There’s been an explosive growth of nonclinical peer recovery support services, such as recovery coaching, as an adjunct or alternative to professionally directed substance use disorder treatment. Research has shown that recovery coaching enhances recovery initiation and long-term recovery maintenance through ensuring a high level of integration between treatment, aftercare, harm reduction and prevention strategies, and primary health care.

With Plymouth County Outreach, we are able to provide recovery coaching to the community at large, which has multiple added advantages, such as maintaining long-term personal and family recovery as the primary goal, drawing upon the experiential knowledge within communities to guide our service, contributing to the growth of the recovery landscape and increasing the peer support for those working in the field.

Recovery coaching is provided by people from diverse experiential and professional backgrounds but the distinct advantages of these services being provided by people in recovery, that have been specifically trained for the role, should not be overlooked. People in recovery are uniquely qualified for the recovery coaching peer support model in a different way than an LADC (licensed alcohol and drug counselor). Now, I am not saying that an LADC doesn’t or can’t provide quality treatment and are not valuable. I just want to shed light on this newer and less-traditional recovery support option.

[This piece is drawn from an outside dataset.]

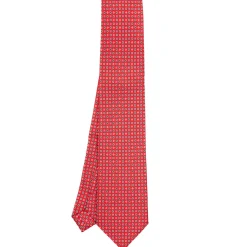 CRAVATTA SARTORIALE EXTRA LONG IN SETA ROSSA Microfantasia fiore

Recovery coaches represent hope as they are living proof of the reality of long-term recovery.

The truth is, many people have experienced or witnessed substance use disorder in action but may not have seen an accompanying experience of recovery. And sadly, a good number of those folks are not hopeful that recovery is possible because they have not seen it for themselves or their loved ones. When somebody is struggling in active addiction, chances are relatively high that those around them are well aware of it; whether it is standing at a bus stop, in line at the pharmacy or attending an event, it is often clear to the outside world. Conversely, when somebody is living in recovery from a substance use disorder, outside of their immediate circle of family, friends and recovery community members, many people have no idea that they are a person in recovery. In order for the world at large to have hope that recovery is possible, they have to see it. Recovery has to be made just as visible, if not more so than the painfully visible substance use disorder that preceded it. There has to be hope that recovery can and does happen.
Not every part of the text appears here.